Phun: Pandara, I don’t detect any life signs.
Kris [Meta-Kai]: Ooh, I have a meat shield. That isn’t my husband for once.
Andy [Meta-Mal]: Suddenly I feel left out.
Kris [Meta-Kai]: Awww, next time I’ll use you as a meat shield, dear.
Mal: How is our tech doing more damage than our Mandalorians?
Rich [GM]: Second star on the right and straight on til morning. But I don’t fucking want to go to neverland!
Kaileen: As long as you understand it’s proprietary.
Phun: Don’t worry; she’ll only sell it to the highest bidder.
Mal: I guess we’ll be seeing Sha’lan again.
Tom: Do I die?
Rich [GM]: Shake that magic 8-ball. The future is unclear.
[Mal is facing Krayt alone, while the remainder of the party faces Maladi and several other Sith.]
Kai [shouting]: Mal! I’m pregnant! You’d better kick his ass! Don’t you dare die on me!
Mal: Don’t you think that would have been good to know about three days ago?
Kai: I only just found out!
Rich [GM]: Mal, you have a +2 morale bonus.
Kris: That’s what I call inspiration.
Kris: Stop helping the GM kill us!
Tom: Force lightning from her belly.
Rich [GM]: I’m the new baby Palpatine!
Andy: There goes my morale bonus.
Kris: Look Mal! We sent you backup!
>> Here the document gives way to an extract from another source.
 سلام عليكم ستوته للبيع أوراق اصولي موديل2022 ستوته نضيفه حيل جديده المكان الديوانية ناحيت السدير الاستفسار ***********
Oona the pacifist!
Mal: Why do all the droids go bzzzzz?
Kai: Let it go. It’s Oona’s special time with the droids.
Mal: A droid for this, a droid for that, even a droid to clean up afterwards!
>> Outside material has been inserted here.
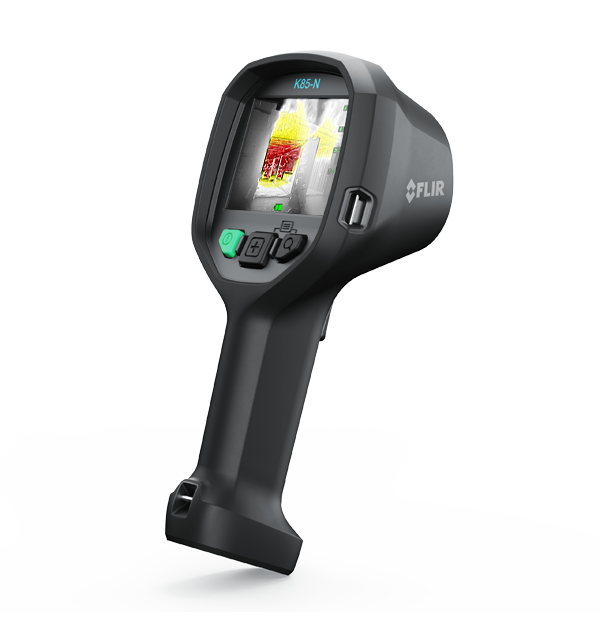 Product view 4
Tom: Imagine what she does to the ship.
Force Ghost Zenair: Have fun with the twins.
Rich [GM]: Reach around with a lightsaber. Is that what Peter Mayhew was doing?
Rich [GM]: You’re all out of droids, Tom.
Jared: Noooo! What are you going to do on your turn? Other than just…go.
Jared: So after Pandara stabs herself and Sha’lan tries to shoot her…
Sam: Did I say anything about scowling menacingly? I meant I’m cowering behind Pandara.
Sam: I’ve already taken it from everyone else; I have to take it from Mal, too?
Sam [after accidentally shooting himself in the foot]: For my move action I’m going to hop around on one foot going “ow ow ow ow ow!”
Kris: I missed with one, hit with the the other, and didn’t shoot myself in the foot. Go Kai!
Rich [GM]: Down the hall you hear, “Oh my god, they’ve already killed –”
Mandalorian: Good news! The city has sent 5 more walkers up behind us!
Kaileen: You have an odd definition of ‘good news’.
Mandalorian: What could be more glorious than dying in battle?
Kaileen: Dying in bed. With my husband. Fucking.
Andy: I want that in the quotes.
Sha’lann [played by Tom for the evening]: You want the body gone?
Tom: Sha’lann has a disintegrator ray.
Rich [GM]: No more body.
Larry: Should have used that against the gate.
Jared: Most of us got our reputations by accident.
Jared: We just stumble from accident to accident.